5:00 am My friend and I finally say goodbye. I say I am going to try and get some sleep. Hah! Not likely. I stay on the internet going into chats, my mind moving faster than my body can keep up with. I get terribly annoyed when I want to go into a certain chatroom and it is full. I also sort of become angry that no good conversation seems to be going on in any room. Whoa almost all of me is tingling.
6:30 am I decide to try and get some sleep. This is futile. I just lay in my bed and realize the obvious. This isn't possible. I don't feel good anymore either. It feels too hot, hotter than it should normally even when the ac is on and a fan is also blowing on me. I have a headache and feel nervous as if something awful, I just don't know what is going to happen today. I feel slightly sick to the stomach. After laying down for awhile I don't sleep but nor do I feel awake. It's like my mind is dreaming while I'm awake all sorts of pointless images and thoughts repeated in a loop.

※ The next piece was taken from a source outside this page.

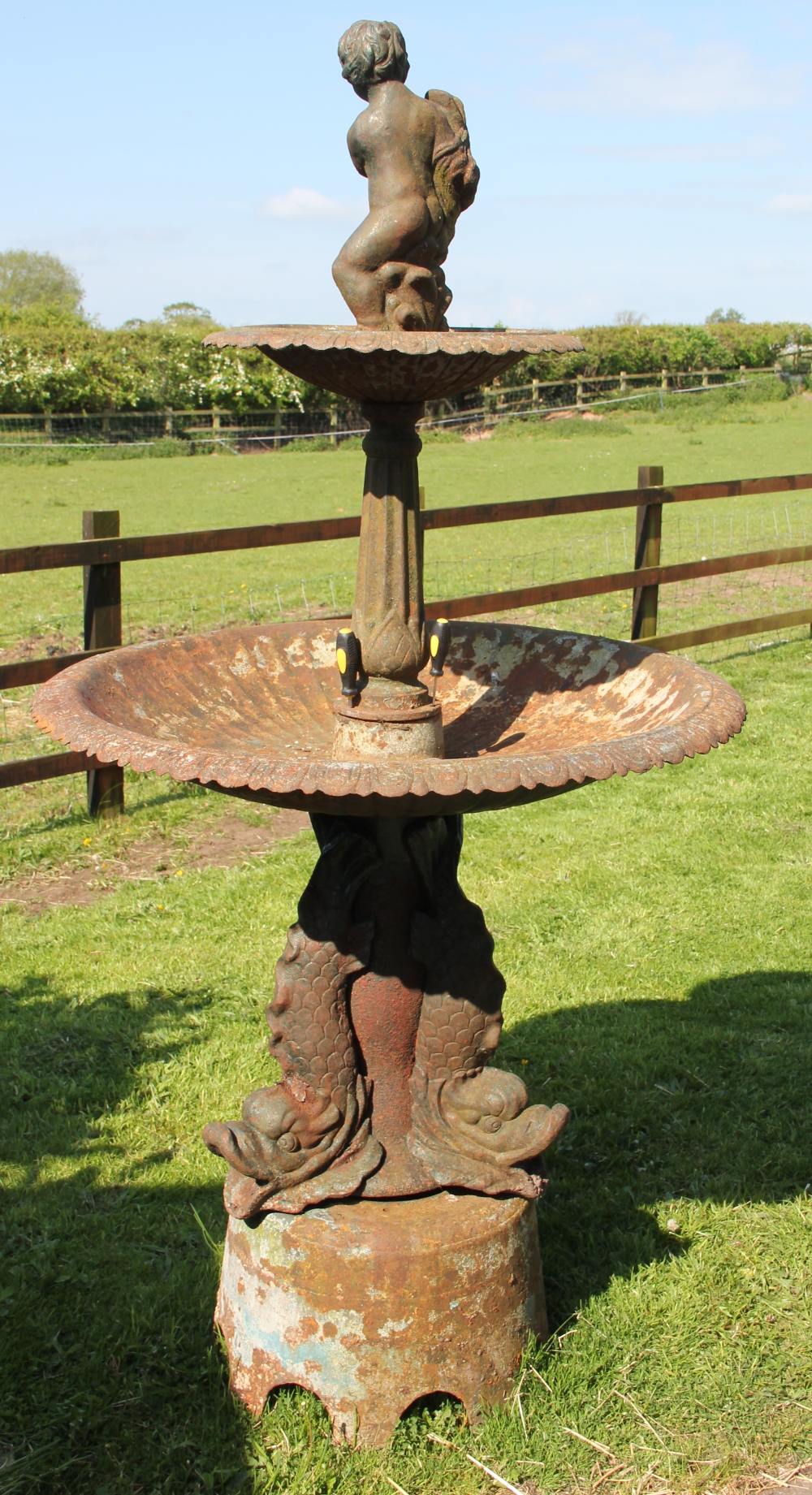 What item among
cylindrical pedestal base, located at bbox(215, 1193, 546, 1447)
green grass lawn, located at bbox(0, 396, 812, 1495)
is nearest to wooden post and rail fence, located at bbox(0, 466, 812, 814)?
green grass lawn, located at bbox(0, 396, 812, 1495)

9:30 am Wow I layed there for almost two hours but didn't sleep once. I want to come down from this stuff. Not fun, not fun at all! I get up and smoke a cigarette and sort of walk around everywhere aimlessly. Trying to chat online again but finding nothing enjoyable about it.
10:45 am I decide a shower may help. This actually does feel good. The warm water is relaxing really and I'm not sweating anymore at least and I feel sort of at momentary peace.
11:30 am I leave the comfort of the shower, still feeling horrid, still clenching my jaw uncontrollably. I put on White Light White Heat by the Velvet Underground, a song about amphetamine use and I know just what it's talking about. I smoke another cigarette and pace around my room.
11:44 am I decide to get online and submit a report about this. The typing and clearing my thoughts sort of helps the feeling of impending doom that goes across my mind from time to time.
12:05 pm I think this shall be the end of this report, I really wish I would just come down completely. I don't think I'm going to do anymore ritalin for awhile. I am almost thinking of doing a bit of methadone as that might bring me down. Wish I had some valium or xanax. I have two pills left and yup I'll probably end up using them eventually or even getting more ritalin from my friend but this is NOT going to be an everyday thing!